[WHAT IS EXPECTED]: Without the pictures, write the listing out again exactly as it appears.

[GIVEN MATERIAL]:
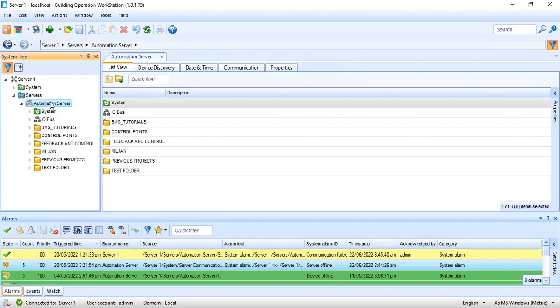I've shown you in my motor control tutorial the communication port of the automation server. This automation server has two communication ports: COM A and COM B. I'm using COM A. The controllers are connected to my automation server using bus topology or daisy chain.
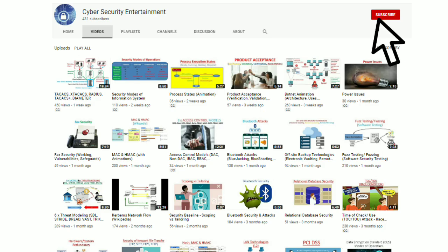So this was all from my side. Please stay connected to my channel and subscribe for similar videos. Thank you.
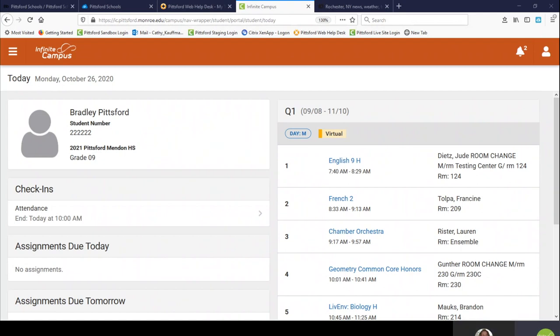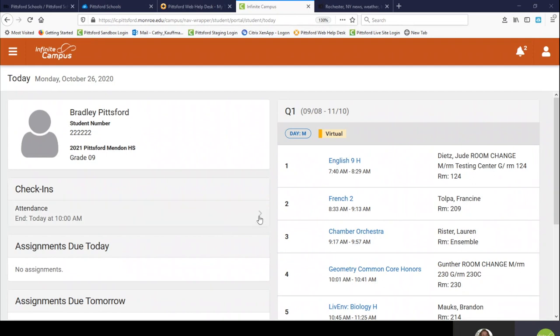Students will self-report their attendance by first logging into Infinite Campus either on their computer or in the mobile application. Once logged in, on the Today page you will see Check-ins. Under Check-ins is Attendance. Click on the arrow to the right of Attendance to open the next window.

[ANSWER FOR THE TASK]:
I've shown you in my motor control tutorial the communication port of the automation server. This automation server has two communication ports: COM A and COM B. I'm using COM A. The controllers are connected to my automation server using bus topology or daisy chain.
So this was all from my side. Please stay connected to my channel and subscribe for similar videos. Thank you.
Students will self-report their attendance by first logging into Infinite Campus either on their computer or in the mobile application. Once logged in, on the Today page you will see Check-ins. Under Check-ins is Attendance. Click on the arrow to the right of Attendance to open the next window.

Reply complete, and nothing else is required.